Furthermore, we need a second function to build our NN with convolutional layers. We have to write a generator function that generates subnets using the builder function we defined above.
class SimpleCNNGenerator(adanet.subnetwork.Generator):
"""Generates a `SimpleCNN` at each iteration.
"""
def __init__(self, learning_rate, max_iteration_steps, seed=None):
"""Initializes a `Generator` that builds `SimpleCNNs`.
Args:
learning_rate: The float learning rate to use.

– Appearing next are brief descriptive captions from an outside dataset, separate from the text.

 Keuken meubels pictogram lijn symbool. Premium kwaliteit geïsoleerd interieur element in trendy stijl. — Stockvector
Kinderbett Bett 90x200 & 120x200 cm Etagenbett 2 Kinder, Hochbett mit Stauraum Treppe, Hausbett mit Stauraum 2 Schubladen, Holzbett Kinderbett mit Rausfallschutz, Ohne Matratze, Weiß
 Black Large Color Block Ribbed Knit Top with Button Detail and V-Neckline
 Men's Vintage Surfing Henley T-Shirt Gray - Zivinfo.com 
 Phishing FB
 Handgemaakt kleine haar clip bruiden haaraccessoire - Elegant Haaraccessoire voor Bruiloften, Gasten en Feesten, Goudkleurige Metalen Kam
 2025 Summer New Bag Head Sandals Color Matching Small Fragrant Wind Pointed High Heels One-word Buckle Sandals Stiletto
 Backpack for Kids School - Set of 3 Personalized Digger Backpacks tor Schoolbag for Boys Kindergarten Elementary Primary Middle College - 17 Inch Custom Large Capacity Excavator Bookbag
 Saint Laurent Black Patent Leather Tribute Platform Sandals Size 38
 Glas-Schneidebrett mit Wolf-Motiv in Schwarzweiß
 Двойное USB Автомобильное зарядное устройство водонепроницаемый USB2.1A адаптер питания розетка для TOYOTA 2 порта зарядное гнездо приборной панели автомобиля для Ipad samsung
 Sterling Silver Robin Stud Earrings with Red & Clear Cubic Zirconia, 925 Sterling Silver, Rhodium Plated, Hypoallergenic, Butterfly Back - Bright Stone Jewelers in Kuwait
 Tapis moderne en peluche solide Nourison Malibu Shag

max_iteration_steps: The number of steps per iteration.
seed: The random seed.
Returns:
An instance of `Generator`.
"""
self._seed = seed
self._dnn_builder_fn = functools.partial(
SimpleCNNBuilder,
learning_rate=learning_rate,
max_iteration_steps=max_iteration_steps)
def generate_candidates(self, previous_ensemble, iteration_number,
previous_ensemble_reports, all_reports):
"""See `adanet.subnetwork.Generator`."""
seed = self._seed
# Change the seed according to the iteration so that each subnetwork
# learns something different.
if seed is not None:
seed += iteration_number
return [self._dnn_builder_fn(seed=seed)]
Now, we can prepare a set of hyperparameters and run the model:
#@title Parameters
LEARNING_RATE = 0.05 #@param {type:"number"}
TRAIN_STEPS = 5000 #@param {type:"integer"}
BATCH_SIZE = 64 #@param {type:"integer"}
ADANET_ITERATIONS = 2 #@param {type:"integer"}
max_iteration_steps = TRAIN_STEPS // ADANET_ITERATIONS
estimator = adanet.Estimator(
head=head,
subnetwork_generator=SimpleCNNGenerator(
learning_rate=LEARNING_RATE,
max_iteration_steps=max_iteration_steps,
seed=RANDOM_SEED),
max_iteration_steps=max_iteration_steps,
evaluator=adanet.Evaluator(
input_fn=input_fn("train", training=False, batch_size=BATCH_SIZE),
steps=None),
adanet_loss_decay=.99,
config=config)
results, _ = tf.estimator.train_and_evaluate(
estimator,
train_spec=tf.estimator.TrainSpec(
input_fn=input_fn("train", training=True, batch_size=BATCH_SIZE),
max_steps=TRAIN_STEPS),
eval_spec=tf.estimator.EvalSpec(
input_fn=input_fn("test", training=False, batch_size=BATCH_SIZE),
steps=None))
print("Accuracy:", results["accuracy"])
print("Loss:", results["average_loss"])
INFO:tensorflow:Loss for final step: 0.023453332.
Accuracy: 0.9875
Loss: 0.039442677
Comparison to auto-keras
Auto-Keras achieves an accuracy of 0.9879 after 30 minutes of architecture search on the (identical) MNIST dataset. AdaNet leads to an acc of 0.9875 after roughly 15 mins (I did not time it).